After officially releasing Khmer Krom activist Tim Sakhorn from prison, Vietnamese authorities have continued to detain him in an unknown location.

Hanoi, Vietnam -- Freed after a year in prison following a controversial sentence, he is being sequestered by authorities, Human Rights Watch accuses. Of Khmer Krom ethnicity, he has fought for the rights of his people, who are persecuted in Vietnam and Cambodia.

The Buddhist monk Tim Sakhorn has "disappeared", after the " pacifist activist and defender of human rights" was released in Vietnam on June 28 [2008], after spending a year in prison.  The non-governmental group Human Rights Watch accuses the Vietnamese authorities and asks them to "immediately lift any restrictions on [his] liberty".
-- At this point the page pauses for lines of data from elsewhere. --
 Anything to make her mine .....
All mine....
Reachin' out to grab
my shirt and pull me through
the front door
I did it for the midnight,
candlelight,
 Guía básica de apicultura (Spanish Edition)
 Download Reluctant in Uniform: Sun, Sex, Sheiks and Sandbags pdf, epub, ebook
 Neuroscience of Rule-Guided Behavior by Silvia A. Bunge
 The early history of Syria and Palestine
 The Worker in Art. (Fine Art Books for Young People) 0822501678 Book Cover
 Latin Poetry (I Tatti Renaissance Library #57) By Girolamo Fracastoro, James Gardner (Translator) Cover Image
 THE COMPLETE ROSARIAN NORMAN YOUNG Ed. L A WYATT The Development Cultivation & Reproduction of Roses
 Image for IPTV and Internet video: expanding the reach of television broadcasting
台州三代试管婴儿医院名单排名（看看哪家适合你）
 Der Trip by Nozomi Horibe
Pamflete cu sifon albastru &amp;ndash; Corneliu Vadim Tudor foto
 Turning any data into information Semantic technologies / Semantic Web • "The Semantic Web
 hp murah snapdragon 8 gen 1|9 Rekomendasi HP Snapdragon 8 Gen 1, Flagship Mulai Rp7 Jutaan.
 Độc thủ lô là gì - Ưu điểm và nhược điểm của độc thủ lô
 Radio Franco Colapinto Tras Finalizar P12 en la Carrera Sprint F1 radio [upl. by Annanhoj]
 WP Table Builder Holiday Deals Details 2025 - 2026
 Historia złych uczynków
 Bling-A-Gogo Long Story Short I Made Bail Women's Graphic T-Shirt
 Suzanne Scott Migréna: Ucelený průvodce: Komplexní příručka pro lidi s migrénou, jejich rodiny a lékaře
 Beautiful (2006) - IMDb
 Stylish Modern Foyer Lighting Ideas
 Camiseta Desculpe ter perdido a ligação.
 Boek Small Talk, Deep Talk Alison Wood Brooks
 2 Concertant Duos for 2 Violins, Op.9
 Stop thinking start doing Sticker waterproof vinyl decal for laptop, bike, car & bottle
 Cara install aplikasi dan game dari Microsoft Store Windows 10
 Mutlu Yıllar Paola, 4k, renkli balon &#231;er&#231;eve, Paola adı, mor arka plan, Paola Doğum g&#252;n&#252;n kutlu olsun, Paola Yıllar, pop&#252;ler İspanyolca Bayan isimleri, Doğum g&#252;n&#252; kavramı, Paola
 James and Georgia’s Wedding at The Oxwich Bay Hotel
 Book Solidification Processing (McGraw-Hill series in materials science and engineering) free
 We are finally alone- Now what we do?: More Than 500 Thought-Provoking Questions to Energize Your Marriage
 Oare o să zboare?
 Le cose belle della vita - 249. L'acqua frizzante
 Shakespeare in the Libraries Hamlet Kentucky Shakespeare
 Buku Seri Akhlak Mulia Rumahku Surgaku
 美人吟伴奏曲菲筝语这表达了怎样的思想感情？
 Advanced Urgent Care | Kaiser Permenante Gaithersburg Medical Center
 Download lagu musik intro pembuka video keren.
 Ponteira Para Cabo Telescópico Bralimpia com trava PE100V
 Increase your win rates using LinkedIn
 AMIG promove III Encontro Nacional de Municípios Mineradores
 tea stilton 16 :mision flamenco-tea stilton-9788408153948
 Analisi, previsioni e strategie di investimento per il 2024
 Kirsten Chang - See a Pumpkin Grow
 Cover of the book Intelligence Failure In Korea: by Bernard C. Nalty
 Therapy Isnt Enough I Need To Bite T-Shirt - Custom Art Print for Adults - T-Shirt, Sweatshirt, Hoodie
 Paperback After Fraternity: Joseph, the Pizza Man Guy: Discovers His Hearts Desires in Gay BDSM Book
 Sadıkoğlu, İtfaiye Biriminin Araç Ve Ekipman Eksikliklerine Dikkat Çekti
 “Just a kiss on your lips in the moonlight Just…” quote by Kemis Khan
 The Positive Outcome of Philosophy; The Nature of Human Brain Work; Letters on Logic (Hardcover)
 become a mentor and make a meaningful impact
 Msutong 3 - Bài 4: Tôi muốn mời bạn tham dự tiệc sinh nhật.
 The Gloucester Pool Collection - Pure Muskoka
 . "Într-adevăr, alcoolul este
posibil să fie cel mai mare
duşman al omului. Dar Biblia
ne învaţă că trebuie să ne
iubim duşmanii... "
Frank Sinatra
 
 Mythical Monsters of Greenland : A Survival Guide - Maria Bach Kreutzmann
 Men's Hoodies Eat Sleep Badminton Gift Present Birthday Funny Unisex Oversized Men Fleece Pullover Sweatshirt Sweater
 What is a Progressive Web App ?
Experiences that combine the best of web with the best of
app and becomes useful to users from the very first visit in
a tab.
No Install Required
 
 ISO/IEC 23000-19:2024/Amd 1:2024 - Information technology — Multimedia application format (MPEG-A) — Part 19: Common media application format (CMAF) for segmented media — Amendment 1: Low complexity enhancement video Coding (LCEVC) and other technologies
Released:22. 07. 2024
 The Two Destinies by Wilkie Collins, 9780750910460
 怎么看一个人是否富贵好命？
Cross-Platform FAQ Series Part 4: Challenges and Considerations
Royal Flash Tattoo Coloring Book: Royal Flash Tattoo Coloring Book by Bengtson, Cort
After he was released, public officials brought him to his home town in the province of An Giang, where they had organised a welcome party.  Local sources report that they offered him land and a spacious home if he would remain in the village, then took him away again and now - HRW charges - it is not known where he is.  Article 38 of the penal code permits the authorities to place released prisoners under house arrest or "probationary detention" for 1 to 5 years, for "re-education", depriving them of the right to travel, vote, or lead religious groups.

Born in Vietnam, Sakhorn has lived in Cambodia since 1978, and has become a citizen of that country.  In 2002, the supreme Cambodian Buddhist patriarch Tap Vong appointed him abbot of the Northern Phnom Den pagoda in the province of Takeo.  He has always fought for the rights of the Khmer Krom, and has sheltered migrants and exiles from Vietnam in his pagoda.

Sakhorn was arrested in Cambodia on June 30, 2007, for having "compromised relations between Cambodia and Vietnam", and was immediately extradited to Vietnam, in spite of the fact that he is a Cambodian citizen.  On November 8 [2007], the tribunal of the province of An Giang sentenced him to year in prison for "harming national unity", in a trial in which he was allowed no legal assistance.

HRW charges that this was an attempt by Vietnam and Cambodia to interfere with the non-violent dissent of the Khmer Krom minority: in the months leading up to the arrest, there were numerous peaceful protests in both countries by Khmer Krom farmers and monks, against the confiscation of their land and for the release of five Buddhist monks arrested in Vietnam in February of 2007, after a demonstration in Soc Trang.